Je l'avais promise, la voici : la critique des Chroniques d'un amateur de sciences de Bruno Latour (Presses des Mines de Paris, 2006). Ce livre est un recueil de nombreuses chroniques écrites entre 1997 et 2001 pour le magazine La Recherche. Les sujets sont variés et Latour commente tour à  tour des livres nouvellement parus, des débats d'actualité, des faits divers d'où il tire de profondes réflexions (comme l'affaire de l'homme de Kennewick ou celle de la cause de la mort de Ramsès II) et des points conceptuels sur la sociologie des sciences.

C'est ainsi que l'on apprend comment on peut "rater une découverte", comment l'article fondamental d'Alan Turing n'a rien perdu de son caractère iconoclaste, comment la Suisse se livra à  une expérience grandeur nature de démocratie scientifique lors de la "votation" sur le moratoire sur les OGM, comment la "réaction brune" vient contrer les mouvements "verts" ou comment des académiciens qui discutent de l'action des vers de terre livrent en fait une vraie bataille de "politique des sols". Latour convoque un sacré Barnum pour nous parler des sciences, de ceux qui la font et des sujets récalcitrants qu'ils étudient : spécialistes du prion, éleveurs de la Creuse, amérindiens du Canada, fonctionnaires chargés de l'Europe, cadre institutionnel et juridique de la Navy, pénicilline qui peut-être aussi bien un "désherbant" bactérien qu'un agent thérapeutique.

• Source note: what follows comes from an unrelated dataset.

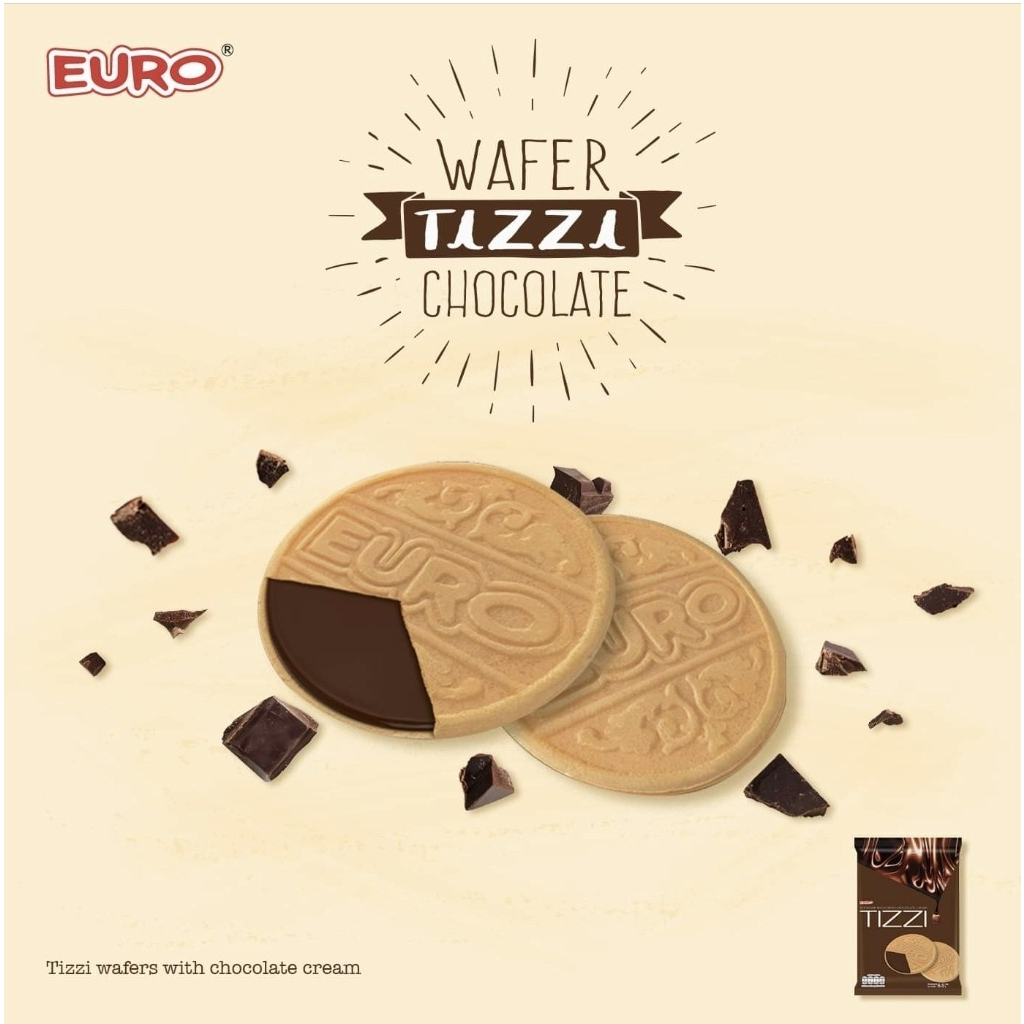 ขายดีมาก Euro Tizzy ทิซซี่ เวเฟอร์ สอดไส้ ช็อกโกแลต - รูปที่ 2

Et Latour, tout à  son aise, cite aussi bien les Annales des ponts et chaussées que les Archives de philosophie du droit, Ecologie politique ou… Paris match !

Bref c'est un peu comme si Latour tenait un blog. Alors forcément, on est frustré qu'il n'en tienne pas réellement un et que tout s'arrête ainsi, à  la fin 2001… Mais il reste ce livre, excellente introduction aux concepts et style de Latour pour le grand public. Moins cher encore, plus destiné aux chercheurs et scientifiques, le petit volume paru chez Inra éditions (Le métier de chercheur : regard d'un anthropologue, 2001) est également recommandable.